O que é o “urbanismo social”, que alguns associam aos projetos realizados em Medellín nas últimas décadas?

“Urbanismo social” é redundância. Falar em urbanismo é falar de sociedade. Quando falamos de urbanismo social, falamos de operações que são feitas com as pessoas no território, trabalhando com elas. É uma construção coletiva, que pode ser uma biblioteca, um colégio, uma praça, um jardim, uma rua, construídos da perspectiva da população.

Medellín se tornou exemplo. Que mudanças levaram a isso?

É um exercício muito importante em Medellín: de dispor de todas as ferramentas para um território de forma simultânea (são os Projetos Urbanos Integrais), a partir da saúde, da segurança, da educação. Não é um problema só do edifício, da rua, é necessário que arquitetura e urbanismo conversem. Isso se faz com uma metodologia de quatro componentes: institucional, que envolve todos os elementos de governabilidade de um território; e desenvolvimento de programas de fomento, para que as pessoas tenham, de alguma maneira, capacidade de subsistir no meio de um território, com condições melhores. O terceiro componente é o trabalho social que se converte em exercício de corresponsabilidade; finalmente, o desenvolvimento físico e social, com o urbanismo e a arquitetura. É um sistema muito importante, de trabalhar de maneira coletiva. Cada um tem um papel para assumir. O técnico trabalha no componente técnico, os cidadãos trabalham de sua perspectiva, cada um de um jeito.

Por que é tão necessária essa participação da população?

É quem habita o território, quem reconhece os problemas. O território se costura por meio dos olhos da comunidade, que participa do processo desde o início e também na implementação, fazendo projetos de melhoramento. É muito importante porque, no fim, isso cria empoderamento das pessoas, que cuidam mais.

Historicamente, o urbanismo aplicado por governos costuma ouvir a população ou é mais de cima para baixo?

Quase sempre a tradição do urbanismo é de ser o grande planejador de cidades, de cima para baixo, se precisa desconstruir essas linhas do território com as pessoas. O olhar hoje é para a cidade já construída, não para a teórica, como foi Brasília (erguida em uma área sem construções). O urbanismo precisa trabalhar nos bairros, que já estão construídos e em processo de uma ocupação que é muito aleatória.

Esses modelos de Medellín são replicáveis?

Não se pode replicar de maneira literal, cada território tem condições sociais e culturais diferentes. O importante são os quatro elementos, com uma decisão do Estado e um processo de comunicação muito forte. É quase um projeto de acupuntura urbana.

As mudanças ali nas últimas décadas tiveram forte investimento público, até dentro de uma perspectiva de mudança da imagem da cidade.
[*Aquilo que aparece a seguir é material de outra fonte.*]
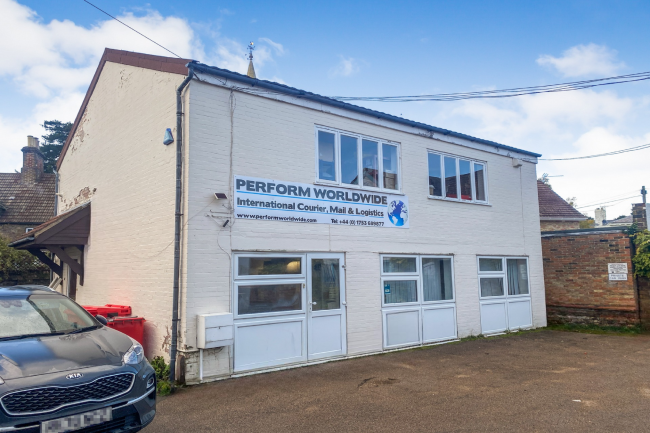 7a Horton Road, Datchet, Berkshire SL3 9EN 1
Como transpor isso para outras capitais latinas, que muitas vezes não têm os mesmos recursos?

Não creio que seja uma questão de recursos, mas de uma decisão política, que é muito importante. De colocar todas as ferramentas em um território definido, isso leva a resultados, como a redução da violência. O problema não é de recursos, é de articulação de ações públicas.

No Brasil, muitos prefeitos costumam defender parcerias público-privadas para projetos urbanísticos. É uma solução?

A responsabilidade é dos órgãos públicos. Os serviços gerais de uma cidade se resolvem no setor público. Uma aliança público-privada pode resolver outras coisas, como concessões que dão recursos. Cada um tem as próprias responsabilidades.

O senhor conhece São Paulo? Qual é a sua percepção urbanística da cidade?

Sim, é uma cidade que se expande no horizonte, que se alarga por todo o território. Como Caracas, Bogotá e Cidade do México, que continua crescendo de maneira horizontal e não trabalha sobre cidades compactas. Acaba sendo uma cidade muito custosa, porque necessita de transportes públicos muito complexos, necessita de serviços públicos que atendam à periferia. É uma cidade absolutamente insustentável. São Paulo tem muita diferença entre a riqueza e a pobreza, como uma ferramenta territorial.

As informações são do jornal O Estado de S. Paulo.